Queste furono le origini del culto irenia­no nell’antica Lupiae ma, agli albori del Seicento, la città presentava ormai una situazione ben diversa. Ancor meglio che dai prodi Normanni del remoto passato, Lecce si vedeva ora occupata dai numerosi ordini presenti all’interno delle mura. Complice una certa debolezza di go­verno ecclesiale che aveva contraddistinto gli episcopati di Annibale Saraceno (1560-1591) e Scipione Spina (1591-1639), i religiosi erano divenuti i veri protagonisti dello spazio urbano, anche se la loro coabitazione non sempre si rivelava pacifica. Tra le tante fami­glie di vita consacrata, due erano assurte ad una posizione di grande influenza e prestigio, Teatini e Gesuiti. I primi riuscirono a far pro­pria l’immagine della protettrice, dedicandole un magnifico tempio sul corso ma i secondi, giunti nel Salento al seguito del carismatico padre Bernardino Realino da Carpi (1530- 1616), ebbero la soddisfazione di vedere accorrere le autorità comunali al letto di morte di questo loro insigne confratello cui vennero consegnate solennemente le chiavi della città. Tale gesto, comunque compiuto in maniera del tutto unilaterale dalla municipalità e senza alcun coinvolgimento delle gerarchie ecclesia­stiche, riconosceva il Realino come santo e lo investiva della carica di patrono. Poco importò allora che, appena qualche tempo prima, dalla mano gesuitica di Antonio Beatillo fosse stata prodotta la Historia della vita, morte, miracoli e traslatione di santa Irene (1609), podero­so scritto agiografico sull’antica martire. Il protettorato celeste del capoluogo aveva ormai assunto una connotazione molto fluida e sfu­mata, dietro la quale si nascondevano inevita­bili contese terrene.

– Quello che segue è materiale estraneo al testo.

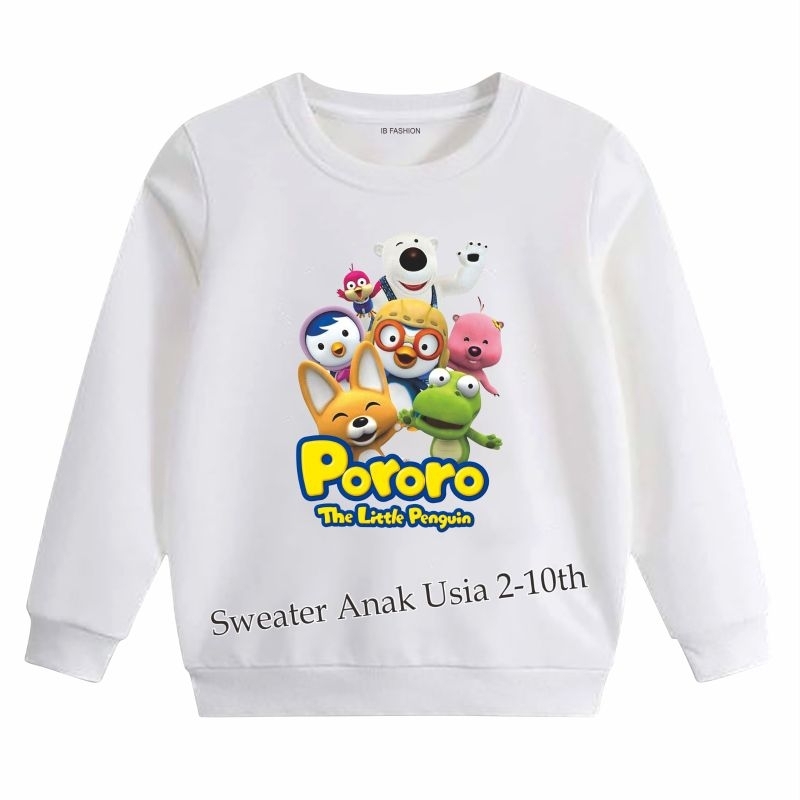 ((IB))SWEATER ANAK2 UNISEX/PORORO DIGITAL SABLON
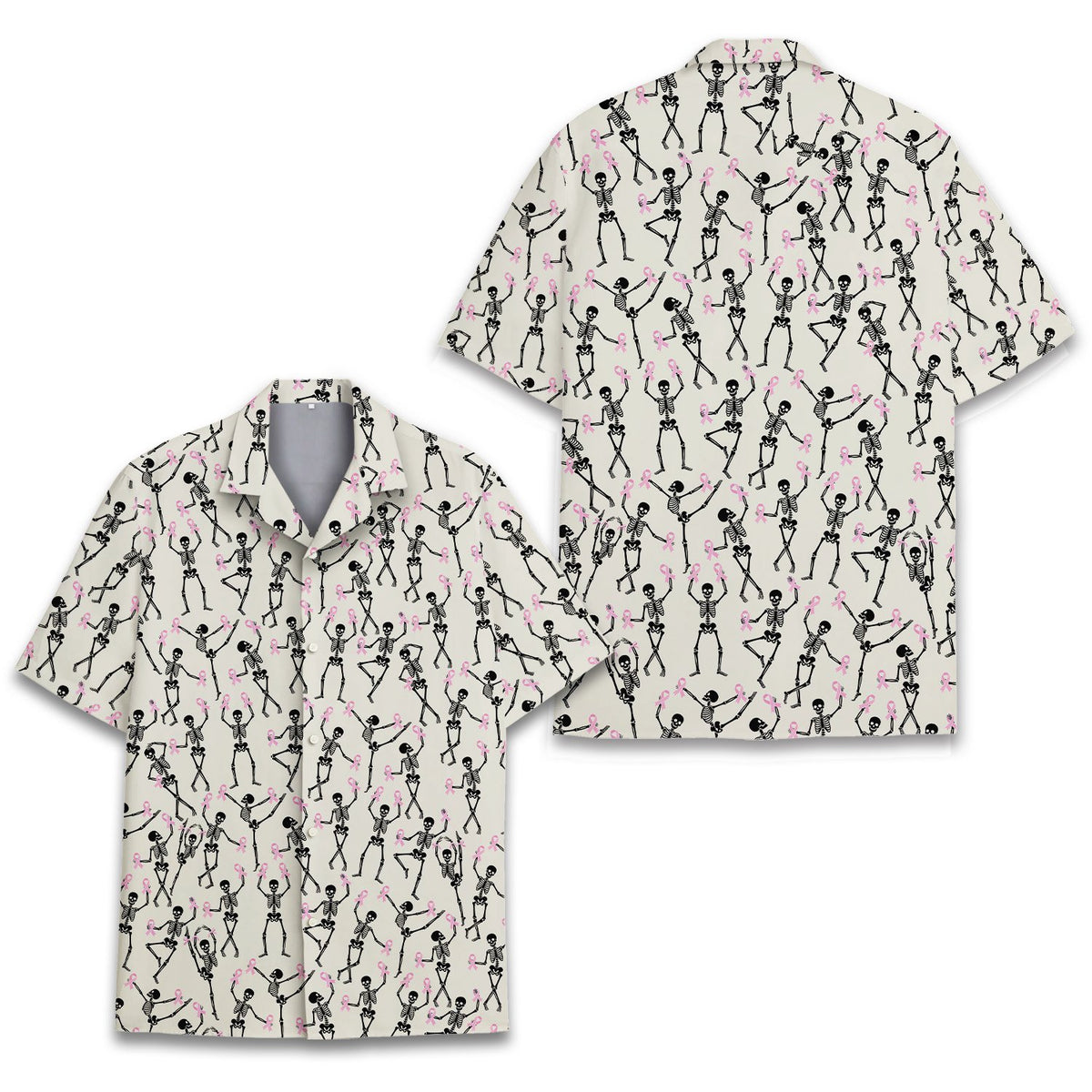 Detailed front view of the collar and button details on the hawaiian shirt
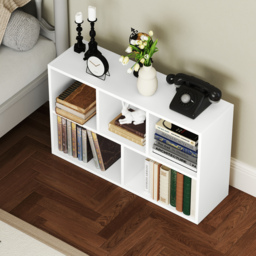 HOMCOM 2-Tier Bookshelf with 5 Compartments - White - thumbnail 8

LA LECCE SEICENTESCA E L’EPISCOPATO DI PAPPACODA

Come spesso accade nelle situazioni molto complesse e non ben definite, alla fine capita che arrivi un uomo della provvidenza in grado di prevalere su uno stato di cose difficile da sbrogliare. La Lecce seicentesca fece una tale esperienza sotto l’episcopato di Luigi Pappacoda (1639- 1670). Personalità a dir poco autoritaria e san­guigna, discendente da un’illustre casata della ricchissima e privilegiatissima nobiltà di spada campana, prelato fedele e zelante dei dettami tridentini, il nuovo pastore della diocesi non concepiva il suo ruolo come circoscritto al semplice ambito religioso ma profuse ogni energia per imporre la propria figura quale principale punto di riferimento per l’intero ter­ritorio anche in campo politico. Ovviamente la sua condotta non mirava certo all’instaurazio­ne di una sorta di governo a carattere teocrati­co in cui il vescovo potesse intendere sé stesso quale rex et sacerdos della città. Il fatto però che, nella facciata laterale del nuovo duomo dedicato all’Assunta, il leone rampante dello stemma episcopale pappacodeo svetti più in alto di tutto, relegando in posizione marginale (e quindi subalterna) gli emblemi del Capito­lo e del Comune, la dice lunga. Ed è proprio nella costruzione della cattedrale barocca, destinata a sostituire quella medievale ormai vetusta, che è possibile decodificare il pen­siero del combattivo prelato campano nonché riconoscere il passaggio dalla Lecce antica, di cui sarebbero sopravvissute solo flebili tracce, a quella nuova ammirabile ancora oggi. Il transito insomma dalla Lecce di Irene a quella di Oronzo.